「利尻キノコハンドブック」
佐藤 清吉 著,長沢 栄史 監修, 自費出版,2010年,90pp, 非売品
日本の北端に近い利尻島.そこにはどんな菌類が生息しているのだろう?離島での菌類調査例は多くない.まれに菌類研究者が短期間来訪して,採集した菌を報告することもあるが,断片的なものにすぎない.研究者がその地域に在住するか,もしくは頻繁に調査を行わなければ,菌類相の全貌は明らかにならない.著者は北海道を代表するアマチュアきのこ研究者である.1996年から利尻に10年以上通いつめ,きのこ調査をした結果がこのハンドブックとなった.121種のきのこのカラー写真と解説が掲載されている.
種数はけっして多くはないが,よく見ると代表的と思われる種が網羅されている.おそらく,利尻に発生する種のかなりの割合がこの本に掲載されているのではないだろうか?発生年月日と発生地が明記されているので,資料的価値は高い.面白いのは写真の配列で,「ツブツブ」「まさにキノコ!」「柄がない」「おなじみさんたち」「穴だらけ」・・・と,きのこ分類用語は登場しない.また解説も,顕微鏡的特徴はほとんどない上に,肉眼的な特徴もあまり記されていない.一般の人達が読者の場合は,専門用語や細かい特徴を記載してもあまり意味がないことが多いから,この程度でよいのかもしれない.
登場するきのこはほのぼのとした口調で解説されているのが楽しい.ちりばめられたコラム記事では,「歴史探訪“利尻のキノコ”」と題して利尻の菌類研究の歴史について触れると思えば,「新種発見!? 幻のセッケンタケ」では森の中で石けんときのこを間違えたエピソードを披露し,読者を飽きさせない.

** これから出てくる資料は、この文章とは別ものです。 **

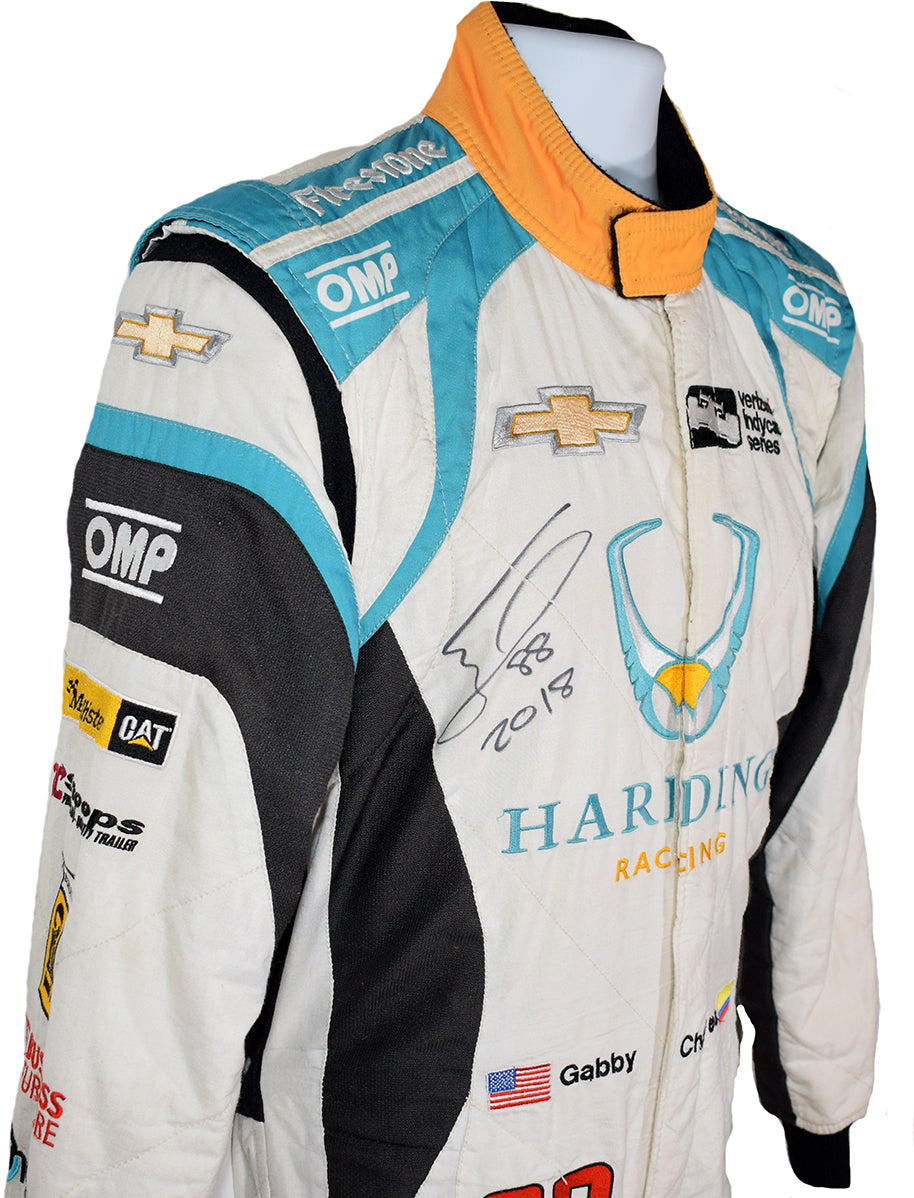 2018 Gabby Chaves Signed Race Worn Harding Racing IndyCar Suit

著者の佐藤清吉氏はプロ・アマを問わず知らぬ者のいない方である.菌学会の集会には必ず参加され,これはというプロ・アマの研究者には積極的に働きかけて知識を得る熱心さを私も見習いたい.このハンドブックは,初版100部の印刷だそうだ.貴重な資料として研究機関・研究者・きのこ愛好家の手元に置いておくには少なすぎる.増刷の必要があるだろう.または,さらに充実した内容の改訂版を期待したい.